An introduction to Apache Hadoop | Hadoop Training in Hyderabad

Apache Hadoop is an open source software framework. Its storage and large scale processing of data-sets on clusters of commodity hardware. Hadoop is an Apache top-level project. Being built and used by a global community of contributors and users. It licensed under the Apache License 2.0.

Hadoop invented by Doug Cutting and Mike Cafarella in 2005. It is support distribution for the Nutch search engine project. Doug was working at Yahoo! at the time. He is now Chief Architect of Cloudera, named the project after his son's toy elephant. Cutting's son was 2 years old at the time and beginning to talk. He called his stuffed yellow elephant "Hadoop".

The Apache Hadoop framework following modules is

Hadoop Common:

It contains libraries and utilities.

Hadoop Distributed File System:

A distributed file-system that stores data on the commodity machines. It providing very high bandwidth across the cluster

Hadoop YARN:

A resource-management platform responsible for managing compute resources in clusters. By using them for scheduling of users' applications

Hadoop MapReduce:

Programming model for large-scale data processing

All the modules in Hadoop designed with a fundamental assumption. Those hardware failures are the common software by the framework. Hadoop's MapReduce and HDFS derived from Google's MapReduce and Google File System papers.

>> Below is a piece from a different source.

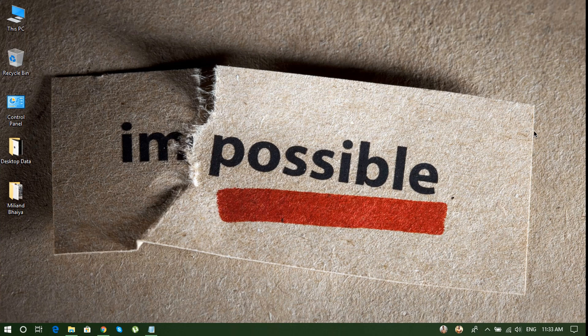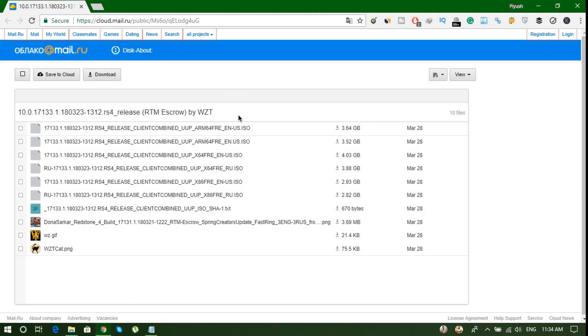Hey there guys, Pivosh here from Tech Guru Academy and welcome to another video. In this video I will show you how to download Windows 10 Spring Creator Update, which is the latest from Microsoft Windows. There is a link in the description below, so click on that and you will end up on the same page.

The entire Hadoop "platform" now consists of many related projects. As well Apache Pig, Apache Hive, Apache HBase, and others.

The end-users, though MapReduce Java code is common. A programming language can with "Hadoop Streaming" to put in place the "map" and "reduce" parts. Apache Pig and Apache Hive, among other related projects. Expose higher level user interfaces like Pig Latin and a SQL variant. The Hadoop framework itself is written in the Java programming language. Some native code in C and command line utilities are written as shell-scripts.